◆ What you should do
A faithful copy of the data is the goal; set it down exactly, without the images.

◆ Given material
Content starts

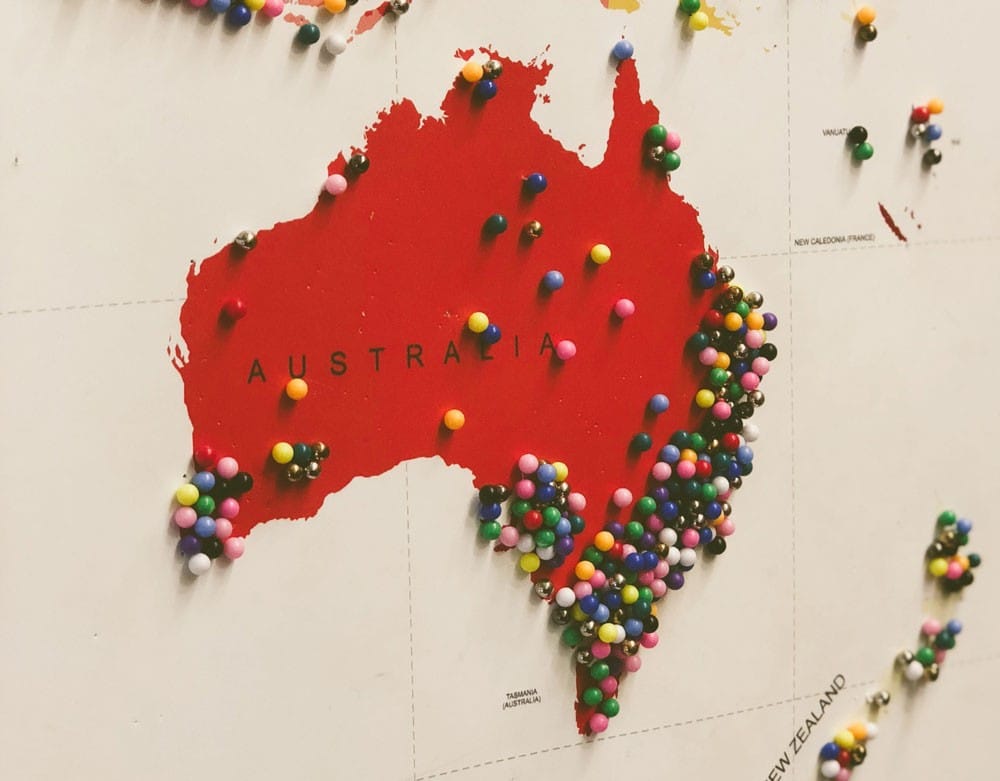 mapa de australia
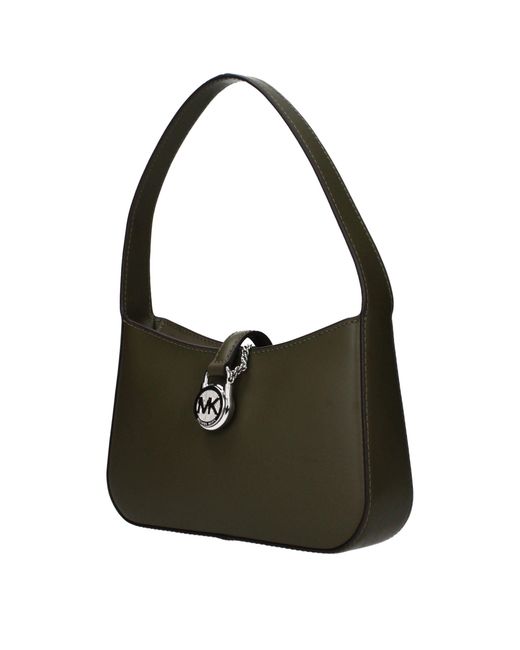 Michael Kors Black Lyra Handbag/ Leather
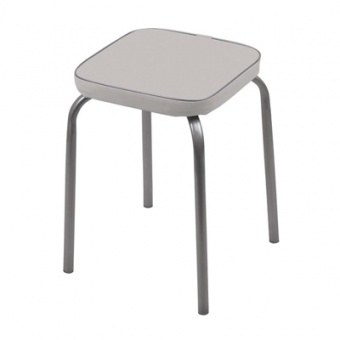 Табурет мягк.квадр.сид. до 120 кг, 4 опоры, серый `Фабрик 3` ТФ03/С (Ника)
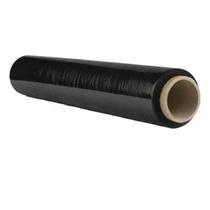 Bobina Filme Rolo Stretch Preto Embalagem 50cmx0,25mic 400mt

Content ends

◆ Written answer
 mapa de australia
 Michael Kors Black Lyra Handbag/ Leather
 Табурет мягк.квадр.сид. до 120 кг, 4 опоры, серый `Фабрик 3` ТФ03/С (Ника)
 Bobina Filme Rolo Stretch Preto Embalagem 50cmx0,25mic 400mt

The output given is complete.